Who Owns The Rights To Employee Inventions? | JD Supra

Who Owns The Rights To Employee Inventions? | JD Supra

One question we commonly hear from inventors is whether they have ownership rights to a patentable idea they conceived while working for a company. The answer can be quite tricky.

“The general rule is that an individual owns the patent rights to the subject matter of which he is an inventor, even though he conceived it or reduced it to practice in the course of his employment.” Banks v. Unisys Corp., 228 F.3d 1357, 1359 (Fed. Cir. 2000). But there is an exception for express or implied agreements to assign the patent rights.[1] Id. If an employment contract expressly specifies the intellectual property rights of inventions conceived by an employee, it is straightforward that the provision will likely control.

The more difficult situation arises when an employment contract is silent as to intellectual property rights. Under the “hired-to-invent” doctrine,[2] if “an employee is hired to invent something or solve a particular problem, the property of the invention related to this effort may belong to the employer.” Id.

In contrast, an employment contract will not be construed to require an assignment of patent rights if one’s employment is general to a field of labor and the invention was conceived of in the performance of the work within this field. United States v. Dubilier Condenser Corp., 289 U.S. 178, 187–88 (1933). However, “[e]ven if hired for a general purpose, an employee with the specific task of developing a device or process may cede ownership of the invention from that task to the employer.” Teets v. Chromalloy Gas Turbine Corp., 83 F.3d 403, 408 (Fed. Cir. 1996).

For example, in Teets, the Federal Circuit held that an employer owned the rights to an employee’s invention based on an implied-in-fact contract even though the employee had no written agreement as to the assignment of intellectual property rights. 83 F.3d 403, 405, 409 (Fed. Cir. 1996).

The Supreme Court reached an opposite result in Dubilier Condenser, holding that the federal government did not own the rights to patents conceived by two employees during their period of employment in the radio laboratories of the Bureau of Standards. 289 U.S. 178 at 182, 193. The patents concerned the use of alternating current in broadcast receiving sets, while the inventors were employed to research the use of radio in airplanes. Id. at 182. The Supreme Court ruled that it was not enough that the inventions were in the general field of the inventors’ research. Id. at 193. Instead, the Supreme Court held that the government merely had shop rights to the inventions (i.e., a non-exclusive license to use the technology). Id.

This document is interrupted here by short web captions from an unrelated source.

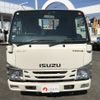 isuzu elf-truck 2015 GOO_NET_EXCHANGE_0702476A30241015W002 image 2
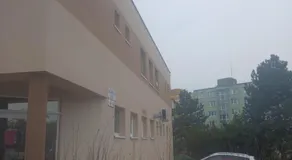 Riva Reštaurácia a penzión - Image 4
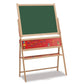 EH LAVAGNA MAGNETICA CM66X110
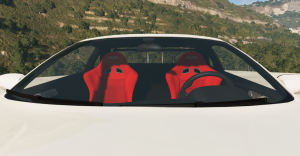 screenshot_2020-06-24_15-14-08.png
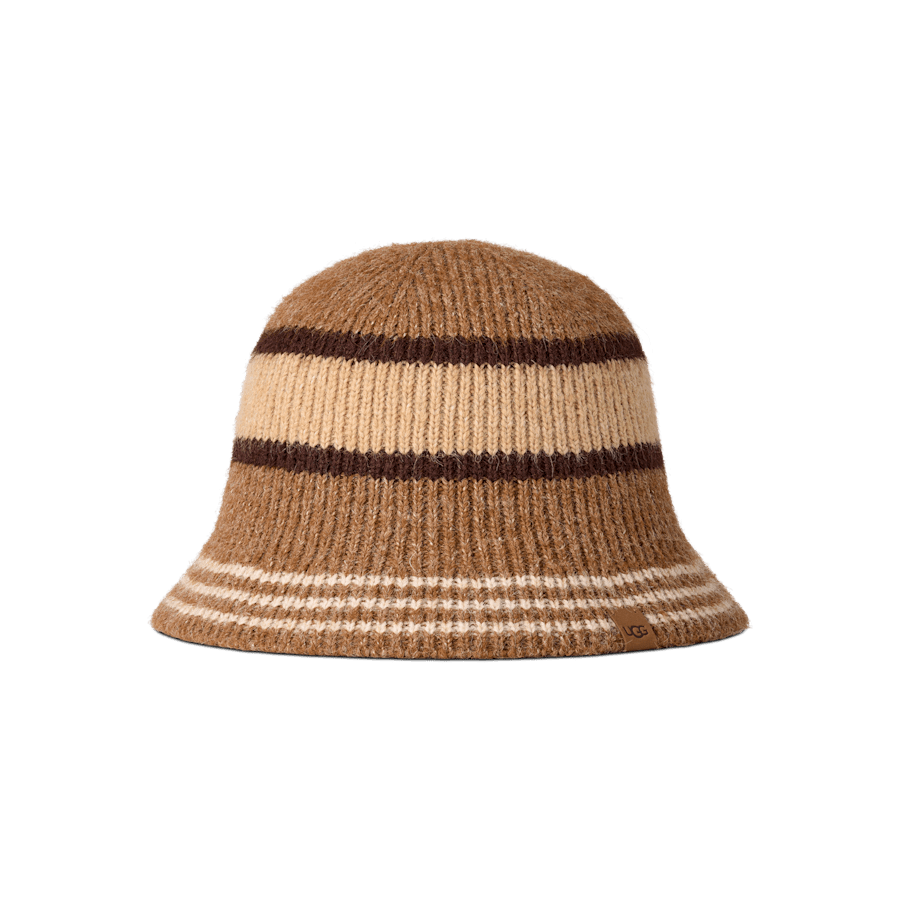 UGG バケットハット 楽天市場】UGG アグ バケットハット W SHEEPSKIN BUCKET HAT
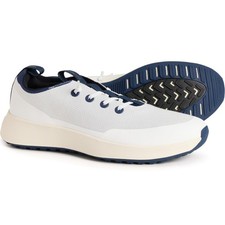 Allbirds Tree Runner Go Running Shoes for Men Pick a Size New with Box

An employment contract may also not be construed to require an assignment of patent rights under the hired-to-invent doctrine if facts exist that negate an implied assignment. In Banks, the Federal Circuit reversed a district court’s grant of summary judgment that an employee assigned patent rights to his employer under the hired-to-invent doctrine. Banks, 228 F.3d at 1360. The employee invented various camera optics technologies that the employer patented. Id. at 1358. Critically, the employee never signed the employer’s intellectual property agreements and the employer failed to pursue the issue. Id. at 1360. The court interpreted the employer’s conduct as acquiescing to the employee’s refusal to sign the agreements. Id.

The hired-to-invent analysis may also vary from state to state. Compare Speck v. N.C. Dairy Found., Inc., 311 N.C. 679, 686 (1984) (“The fruit of the labor of one who is hired to invent, accomplish a prescribed result, or aid in the development of products belongs to the employer absent a written contract to assign.”), with Teets, 83 F.3d at 407 (“[A] Florida employer can not claim ownership of an employee’s invention ‘unless the contract of employment by express terms or unequivocal inference shows that the employee was hired for the express purpose of producing the thing patented.’”).

The best course is always to clearly specify ownership of intellectual property rights in an employment relationship before any intellectual property is developed. Otherwise, the question of who owns the rights to employee inventions can get very complicated.

[1] Trade secret rights can also be contractually assigned. E.g., Pullman Grp., LLC. v. Prudential Ins. Co., 733 N.Y.S.2d 1, 2 (App. Div. 1st Dept. 2001).

[2] The “hired-to-invent” doctrine is also sometimes referred to as the “employed-to-invent” doctrine.